# WORK REQUIRED
No line of the records may be dropped; print them all again exactly.

# DATA UNDER STUDY
== Segment start ==

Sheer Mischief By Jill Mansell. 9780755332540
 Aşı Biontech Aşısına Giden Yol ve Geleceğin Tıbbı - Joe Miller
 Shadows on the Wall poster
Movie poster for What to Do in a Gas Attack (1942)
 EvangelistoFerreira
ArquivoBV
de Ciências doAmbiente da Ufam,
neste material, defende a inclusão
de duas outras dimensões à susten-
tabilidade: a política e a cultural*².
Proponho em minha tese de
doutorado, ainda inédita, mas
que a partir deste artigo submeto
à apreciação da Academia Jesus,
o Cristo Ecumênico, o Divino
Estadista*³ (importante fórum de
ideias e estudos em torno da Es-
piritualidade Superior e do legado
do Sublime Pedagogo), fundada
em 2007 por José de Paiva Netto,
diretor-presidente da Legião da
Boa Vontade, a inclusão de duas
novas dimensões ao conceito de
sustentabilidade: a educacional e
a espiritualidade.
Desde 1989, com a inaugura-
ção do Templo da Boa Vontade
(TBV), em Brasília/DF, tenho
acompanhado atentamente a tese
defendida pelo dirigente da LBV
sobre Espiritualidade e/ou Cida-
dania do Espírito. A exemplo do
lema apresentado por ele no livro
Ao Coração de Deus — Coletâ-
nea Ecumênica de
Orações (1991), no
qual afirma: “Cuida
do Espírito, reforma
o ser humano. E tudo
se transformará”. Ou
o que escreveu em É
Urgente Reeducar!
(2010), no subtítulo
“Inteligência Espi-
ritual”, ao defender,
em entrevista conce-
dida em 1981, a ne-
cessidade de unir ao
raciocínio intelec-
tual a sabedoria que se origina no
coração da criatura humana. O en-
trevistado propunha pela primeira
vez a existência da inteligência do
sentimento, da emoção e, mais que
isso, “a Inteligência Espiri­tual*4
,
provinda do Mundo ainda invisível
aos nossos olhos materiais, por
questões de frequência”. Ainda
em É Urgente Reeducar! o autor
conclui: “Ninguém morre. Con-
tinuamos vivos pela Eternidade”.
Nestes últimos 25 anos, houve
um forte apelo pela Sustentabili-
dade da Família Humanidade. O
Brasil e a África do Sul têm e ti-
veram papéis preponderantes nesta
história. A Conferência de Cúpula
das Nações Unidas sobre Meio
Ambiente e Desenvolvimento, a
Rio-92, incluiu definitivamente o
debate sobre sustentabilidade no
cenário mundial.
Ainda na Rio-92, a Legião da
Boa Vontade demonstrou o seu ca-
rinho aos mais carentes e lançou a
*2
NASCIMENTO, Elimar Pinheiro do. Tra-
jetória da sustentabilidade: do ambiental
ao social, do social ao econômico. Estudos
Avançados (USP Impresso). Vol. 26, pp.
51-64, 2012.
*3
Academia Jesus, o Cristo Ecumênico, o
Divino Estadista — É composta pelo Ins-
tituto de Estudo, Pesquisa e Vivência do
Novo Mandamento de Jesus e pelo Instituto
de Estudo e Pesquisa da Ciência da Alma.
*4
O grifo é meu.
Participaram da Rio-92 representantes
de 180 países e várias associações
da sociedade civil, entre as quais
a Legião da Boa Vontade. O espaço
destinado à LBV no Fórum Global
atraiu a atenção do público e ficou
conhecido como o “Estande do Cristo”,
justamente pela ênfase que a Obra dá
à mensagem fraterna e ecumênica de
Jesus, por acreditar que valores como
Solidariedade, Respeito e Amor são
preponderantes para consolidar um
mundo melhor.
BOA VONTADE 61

== Segment end ==

# WRITTEN ANSWER
Sheer Mischief By Jill Mansell. 9780755332540
 Aşı Biontech Aşısına Giden Yol ve Geleceğin Tıbbı - Joe Miller
 Shadows on the Wall poster
Movie poster for What to Do in a Gas Attack (1942)
 EvangelistoFerreira
ArquivoBV
de Ciências doAmbiente da Ufam,
neste material, defende a inclusão
de duas outras dimensões à susten-
tabilidade: a política e a cultural*².
Proponho em minha tese de
doutorado, ainda inédita, mas
que a partir deste artigo submeto
à apreciação da Academia Jesus,
o Cristo Ecumênico, o Divino
Estadista*³ (importante fórum de
ideias e estudos em torno da Es-
piritualidade Superior e do legado
do Sublime Pedagogo), fundada
em 2007 por José de Paiva Netto,
diretor-presidente da Legião da
Boa Vontade, a inclusão de duas
novas dimensões ao conceito de
sustentabilidade: a educacional e
a espiritualidade.
Desde 1989, com a inaugura-
ção do Templo da Boa Vontade
(TBV), em Brasília/DF, tenho
acompanhado atentamente a tese
defendida pelo dirigente da LBV
sobre Espiritualidade e/ou Cida-
dania do Espírito. A exemplo do
lema apresentado por ele no livro
Ao Coração de Deus — Coletâ-
nea Ecumênica de
Orações (1991), no
qual afirma: “Cuida
do Espírito, reforma
o ser humano. E tudo
se transformará”. Ou
o que escreveu em É
Urgente Reeducar!
(2010), no subtítulo
“Inteligência Espi-
ritual”, ao defender,
em entrevista conce-
dida em 1981, a ne-
cessidade de unir ao
raciocínio intelec-
tual a sabedoria que se origina no
coração da criatura humana. O en-
trevistado propunha pela primeira
vez a existência da inteligência do
sentimento, da emoção e, mais que
isso, “a Inteligência Espiri­tual*4
,
provinda do Mundo ainda invisível
aos nossos olhos materiais, por
questões de frequência”. Ainda
em É Urgente Reeducar! o autor
conclui: “Ninguém morre. Con-
tinuamos vivos pela Eternidade”.
Nestes últimos 25 anos, houve
um forte apelo pela Sustentabili-
dade da Família Humanidade. O
Brasil e a África do Sul têm e ti-
veram papéis preponderantes nesta
história. A Conferência de Cúpula
das Nações Unidas sobre Meio
Ambiente e Desenvolvimento, a
Rio-92, incluiu definitivamente o
debate sobre sustentabilidade no
cenário mundial.
Ainda na Rio-92, a Legião da
Boa Vontade demonstrou o seu ca-
rinho aos mais carentes e lançou a
*2
NASCIMENTO, Elimar Pinheiro do. Tra-
jetória da sustentabilidade: do ambiental
ao social, do social ao econômico. Estudos
Avançados (USP Impresso). Vol. 26, pp.
51-64, 2012.
*3
Academia Jesus, o Cristo Ecumênico, o
Divino Estadista — É composta pelo Ins-
tituto de Estudo, Pesquisa e Vivência do
Novo Mandamento de Jesus e pelo Instituto
de Estudo e Pesquisa da Ciência da Alma.
*4
O grifo é meu.
Participaram da Rio-92 representantes
de 180 países e várias associações
da sociedade civil, entre as quais
a Legião da Boa Vontade. O espaço
destinado à LBV no Fórum Global
atraiu a atenção do público e ficou
conhecido como o “Estande do Cristo”,
justamente pela ênfase que a Obra dá
à mensagem fraterna e ecumênica de
Jesus, por acreditar que valores como
Solidariedade, Respeito e Amor são
preponderantes para consolidar um
mundo melhor.
BOA VONTADE 61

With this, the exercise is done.